● Directions
Using the records that follow, reproduce exactly the lines starting at the line containing "भुवनेश्वर कॉलेज स्टूडेंट्स" and ending at the line containing "Hiroshima Peace Memorial". Include both end lines and no pictures.

● Source material

=== Section Start ===

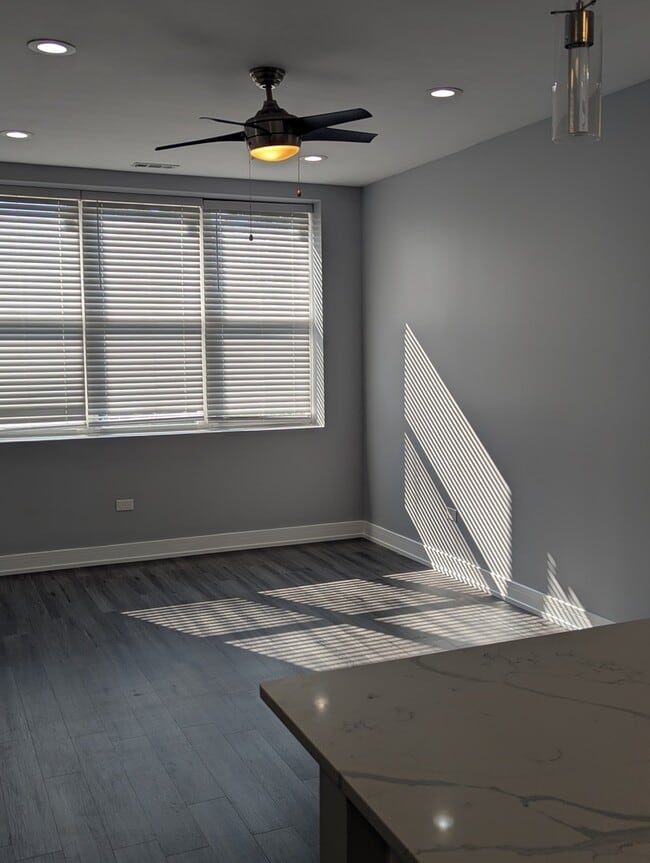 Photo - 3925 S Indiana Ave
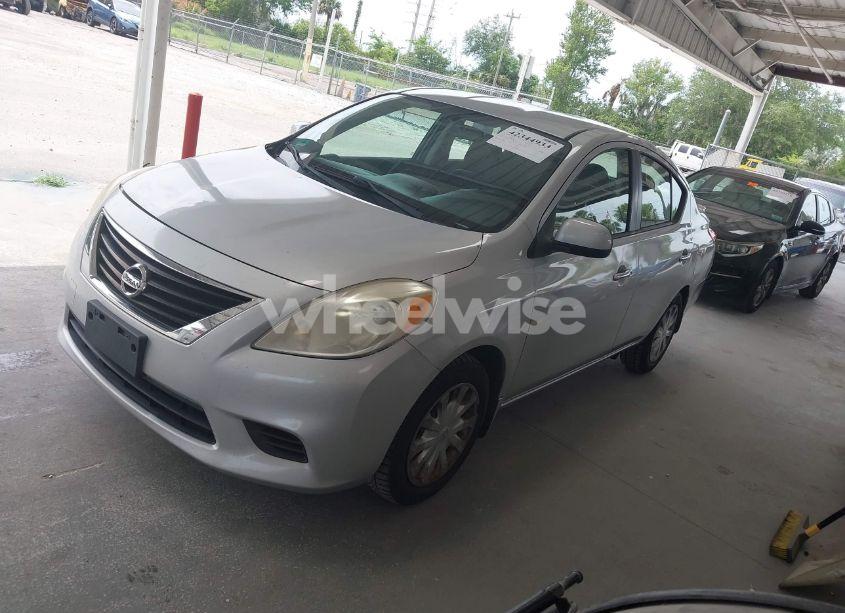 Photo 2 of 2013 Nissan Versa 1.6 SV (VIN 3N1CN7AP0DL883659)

=== Section End ===
=== Section Start ===

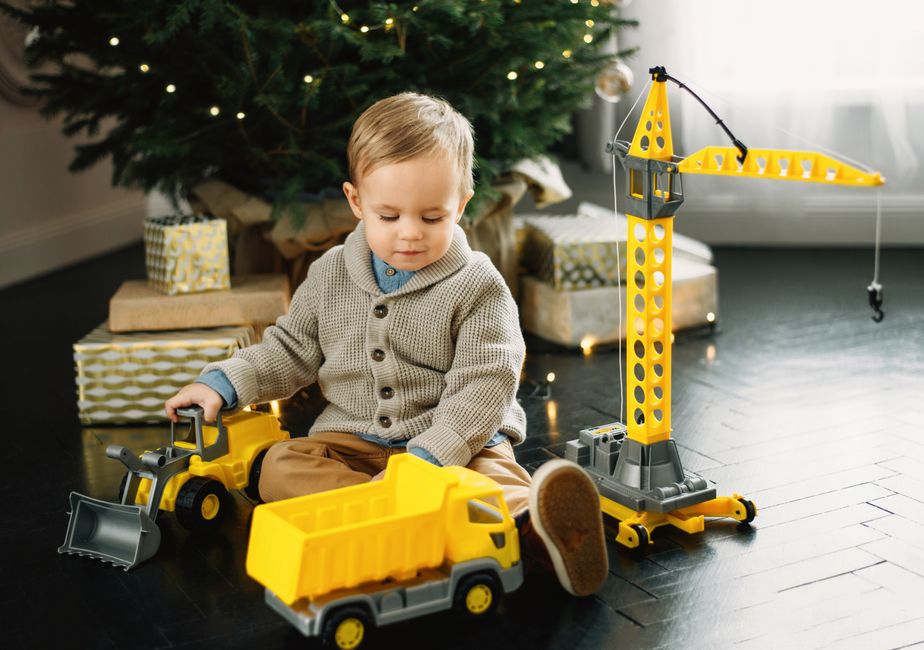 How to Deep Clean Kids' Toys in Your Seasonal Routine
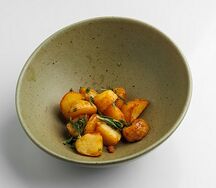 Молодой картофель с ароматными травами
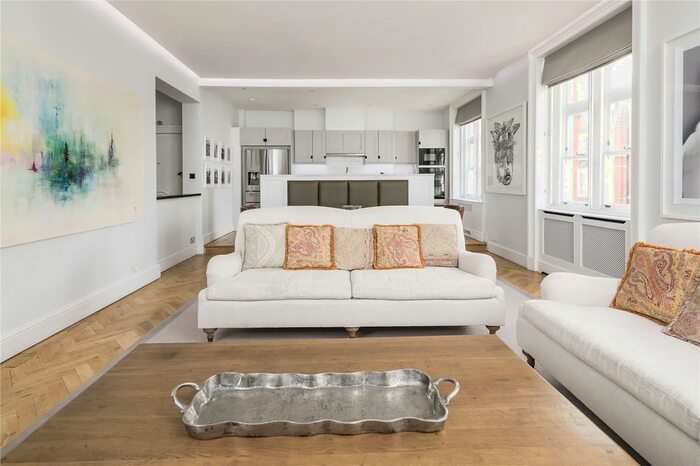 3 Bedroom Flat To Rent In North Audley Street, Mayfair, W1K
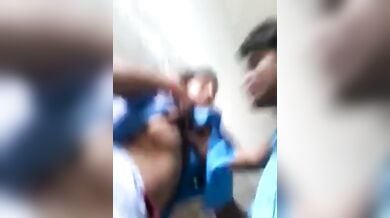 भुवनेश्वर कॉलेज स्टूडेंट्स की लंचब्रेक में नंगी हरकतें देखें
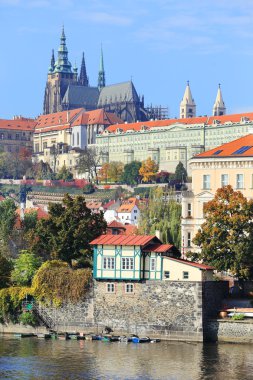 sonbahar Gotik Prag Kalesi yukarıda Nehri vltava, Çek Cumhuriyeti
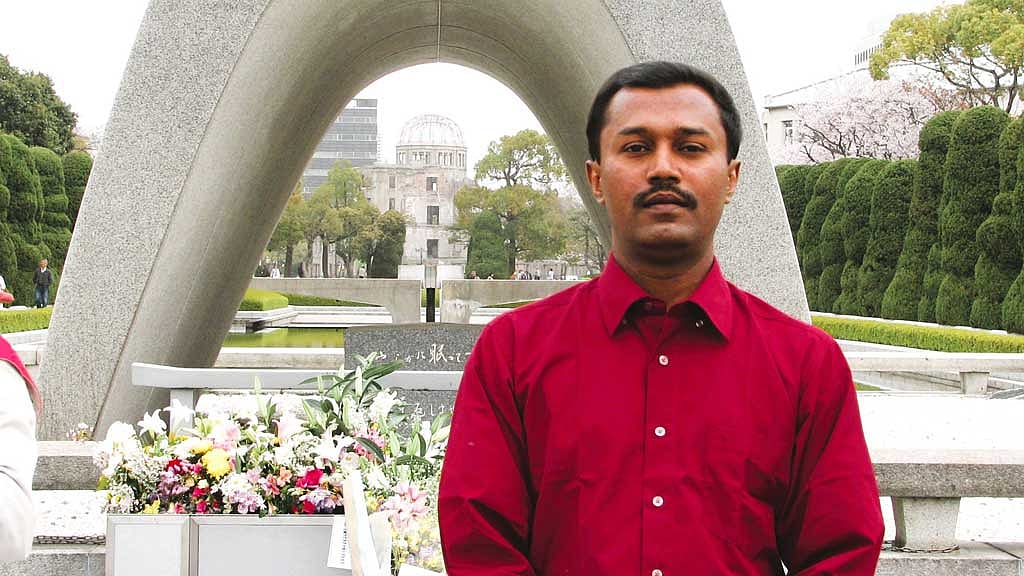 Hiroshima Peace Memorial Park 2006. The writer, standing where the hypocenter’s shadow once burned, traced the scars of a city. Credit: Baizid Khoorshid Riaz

=== Section End ===

● Exercise result
 भुवनेश्वर कॉलेज स्टूडेंट्स की लंचब्रेक में नंगी हरकतें देखें
 sonbahar Gotik Prag Kalesi yukarıda Nehri vltava, Çek Cumhuriyeti
 Hiroshima Peace Memorial Park 2006. The writer, standing where the hypocenter’s shadow once burned, traced the scars of a city. Credit: Baizid Khoorshid Riaz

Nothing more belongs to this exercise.